Tuesday, September 11, 2012 |  0 Comment Tags: shark cage diving,

Author: Nicola Stelluto (Environmental Ecologist)
My initial love for the environment occurred at a young age when my father and I use to watch animal documentaries on Sunday evenings. I was hooked on anything ocean related when I saw these amazing submersibles going to such extreme depth in the ocean and discovering previously unseen things. To be the first to go somewhere where no one has been before was the first thing that attracted me to the field of natural sciences.

Guest comment: “The crew was incredible, we wish we could’ve seen more but that’s mother  nature!” Cassy and Ernie.

“Great experience, great crew! Thank you for everything!” Jenna and Danny.

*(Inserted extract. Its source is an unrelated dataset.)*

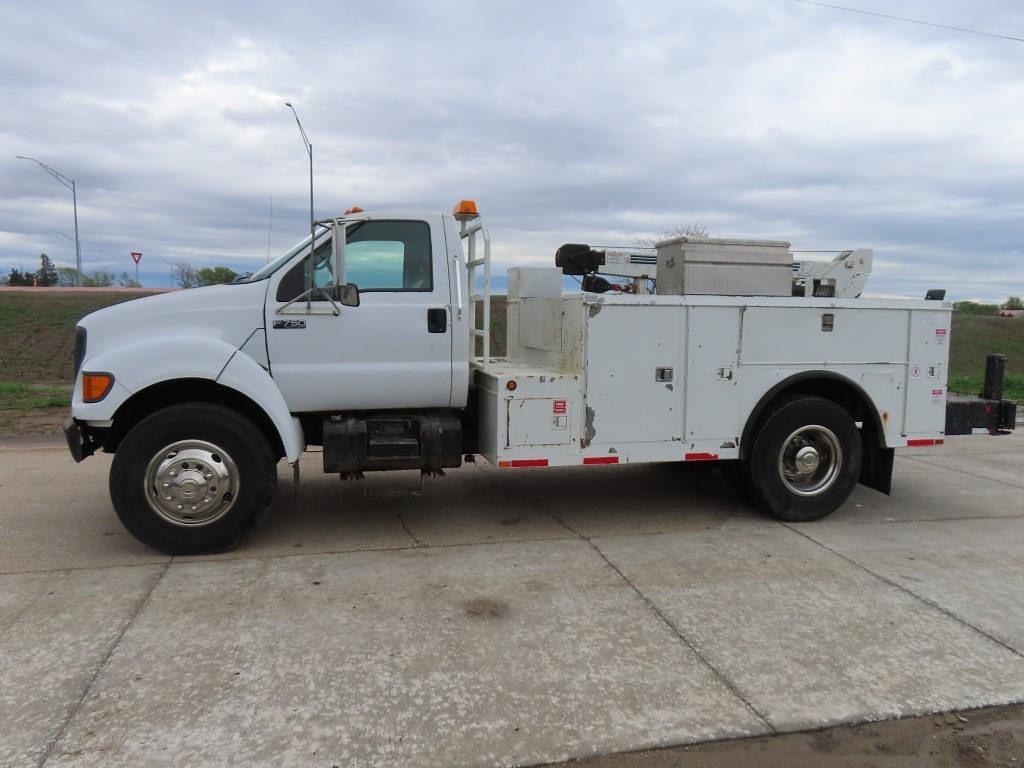 Image of Ford F-750 Primary image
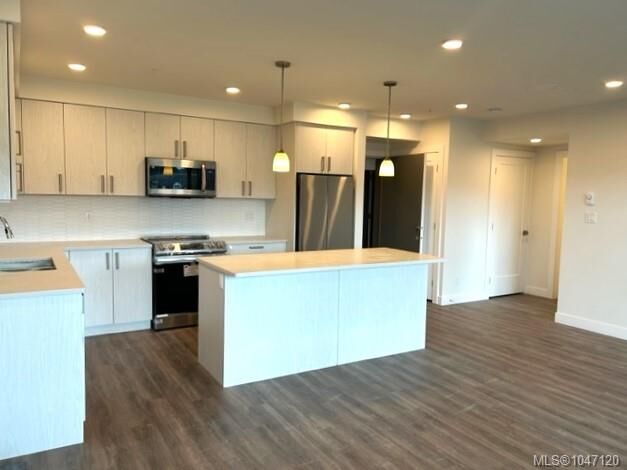 Property Photo:  147 Haliburton St #502  BC V9R 4V9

“Fantastic watching the sharks swim past. Great experience!” James.

10/09/2012
Location: Dam
Water Temperature: 14.9 'C
Depth: 10.1m
Visibility: 1.5m
Number of Sharks: 2
Conditions: Cloudy with wind and swell.

On our way out of the harbour we were lucky in that we spotted two Southern Right Whales. That is a great way to start a shark trip! The sharks were a bit reluctant to make their presence known and they gave some distant passes. Nonetheless they did show up to put on a show! We also had a frenzy of small bait fish known as mullet around the boat that seemed to enjoy our chum as much as the sharks did. As you can see from the photos there is always a lot to see in the area including the sharks! You never know what amazing things you may spot...
 

For more shark facts and shark updates, also "Like" our Marine Dynamics facebook fan page. If you would like to review your trip online to help others choose the right cage diving company, please visit our TripAdvisor page and leave your feedback.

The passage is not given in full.